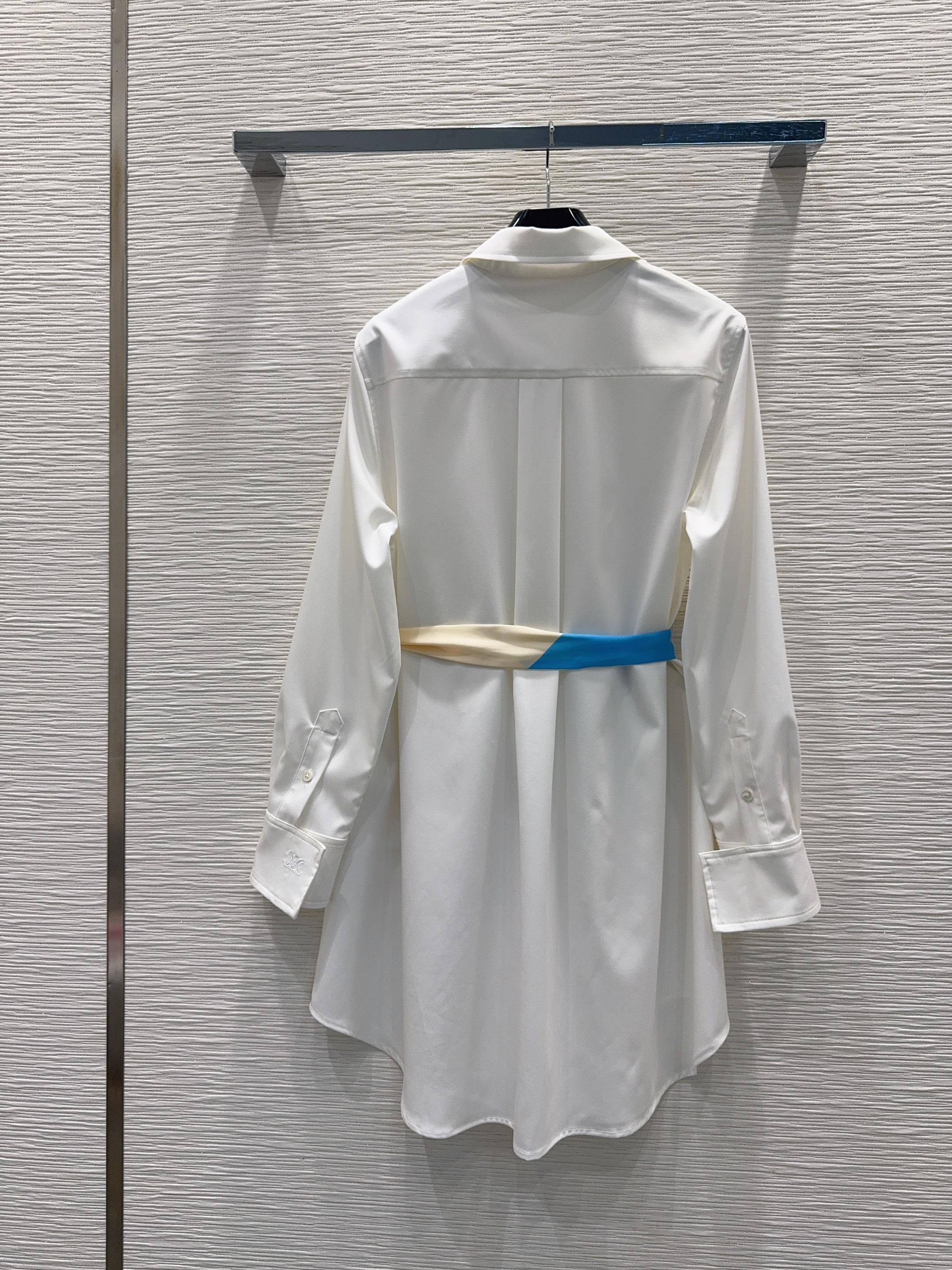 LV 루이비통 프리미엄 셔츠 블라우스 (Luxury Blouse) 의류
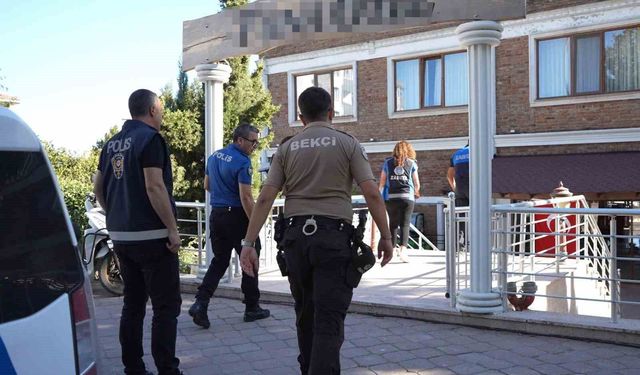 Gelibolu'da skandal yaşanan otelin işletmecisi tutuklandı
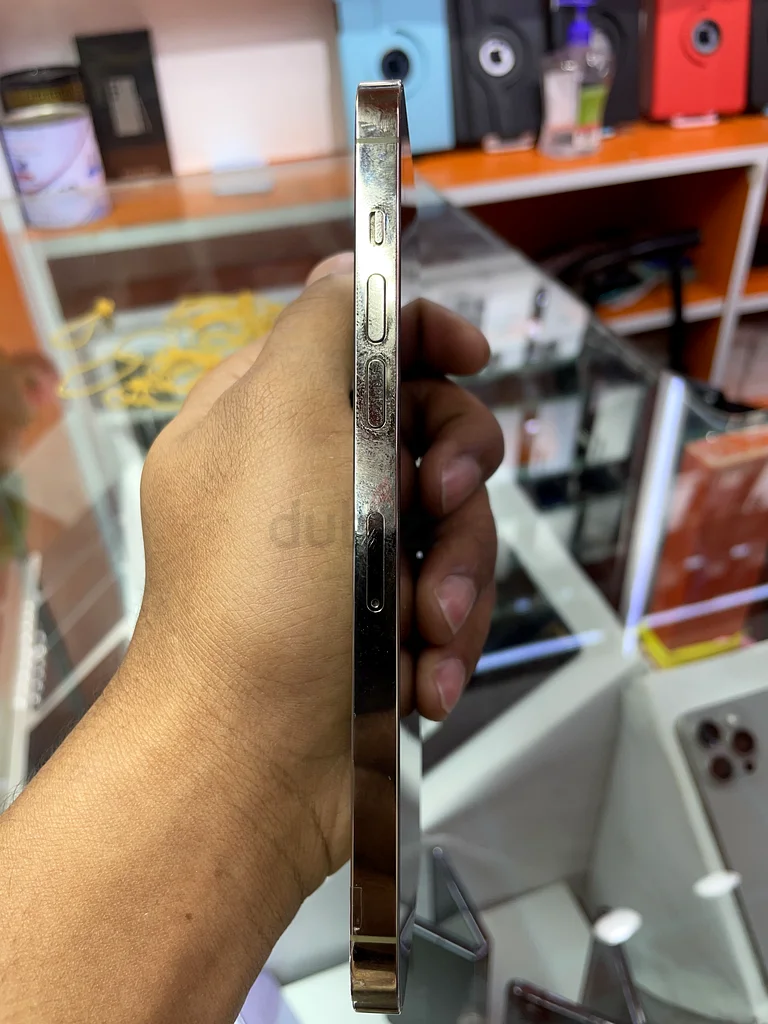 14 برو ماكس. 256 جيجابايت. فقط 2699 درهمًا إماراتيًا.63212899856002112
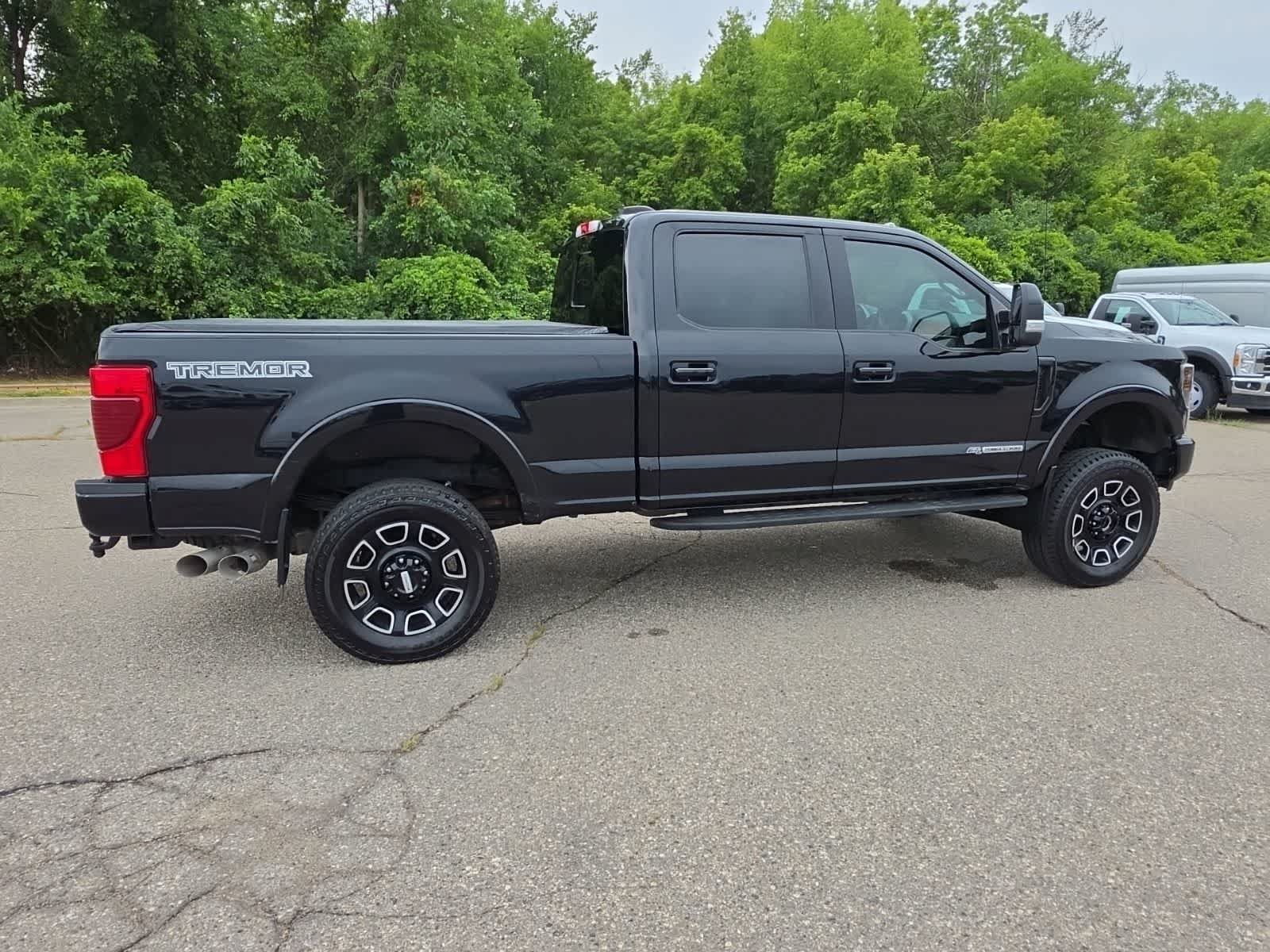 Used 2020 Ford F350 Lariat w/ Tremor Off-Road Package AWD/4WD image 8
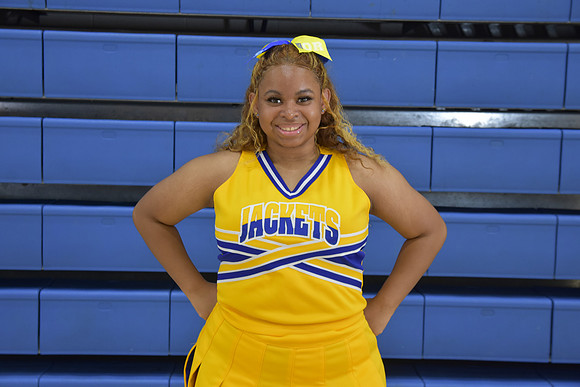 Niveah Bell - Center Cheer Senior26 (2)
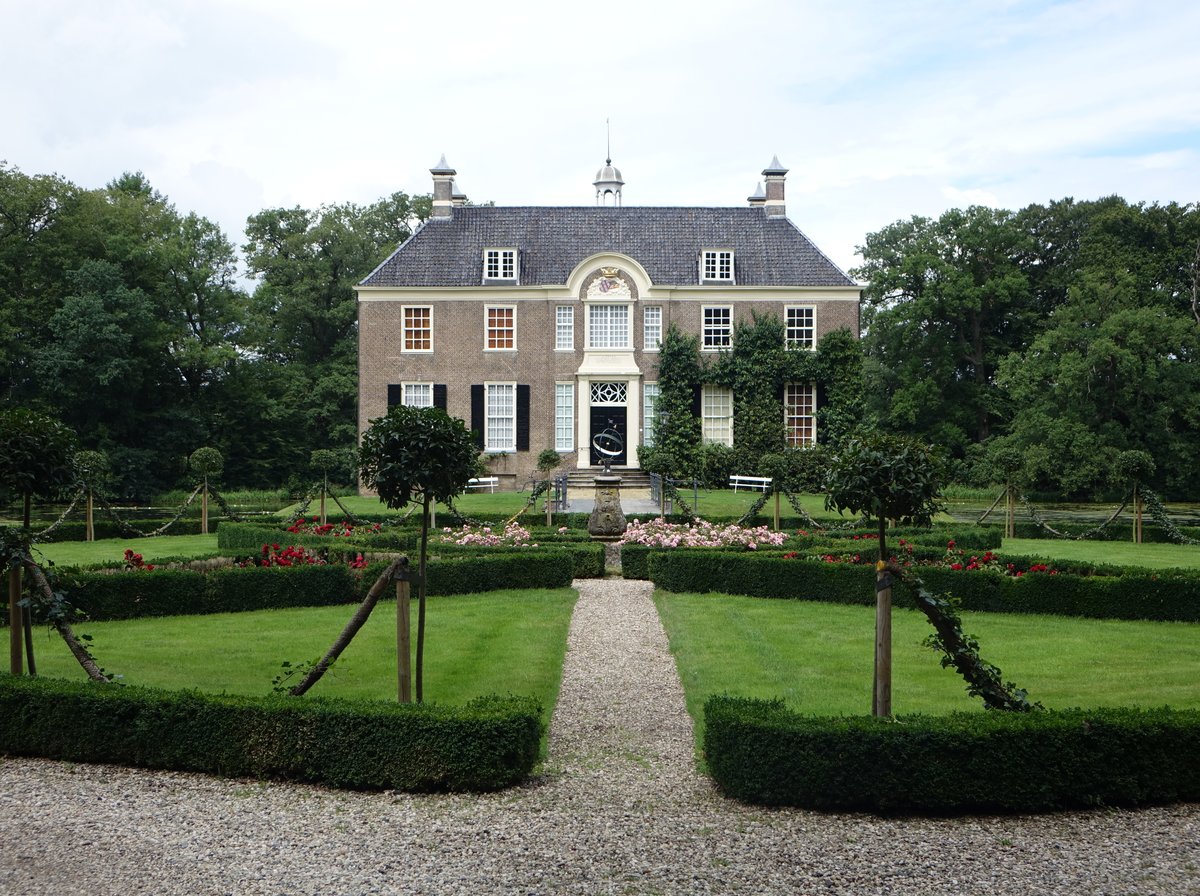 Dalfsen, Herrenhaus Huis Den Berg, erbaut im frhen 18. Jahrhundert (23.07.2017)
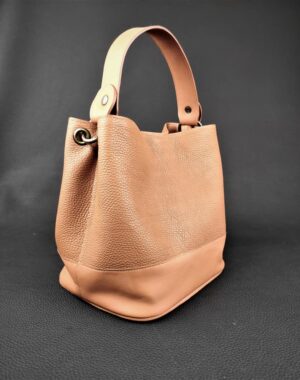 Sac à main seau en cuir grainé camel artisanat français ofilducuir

WORK INSTRUCTIONS: Give back exactly the run of lines that opens the material above and ends at the line with "Used 2020 Ford". Omit the pictures.

TASK ANSWER:
 LV 루이비통 프리미엄 셔츠 블라우스 (Luxury Blouse) 의류
 Gelibolu'da skandal yaşanan otelin işletmecisi tutuklandı
 14 برو ماكس. 256 جيجابايت. فقط 2699 درهمًا إماراتيًا.63212899856002112
 Used 2020 Ford F350 Lariat w/ Tremor Off-Road Package AWD/4WD image 8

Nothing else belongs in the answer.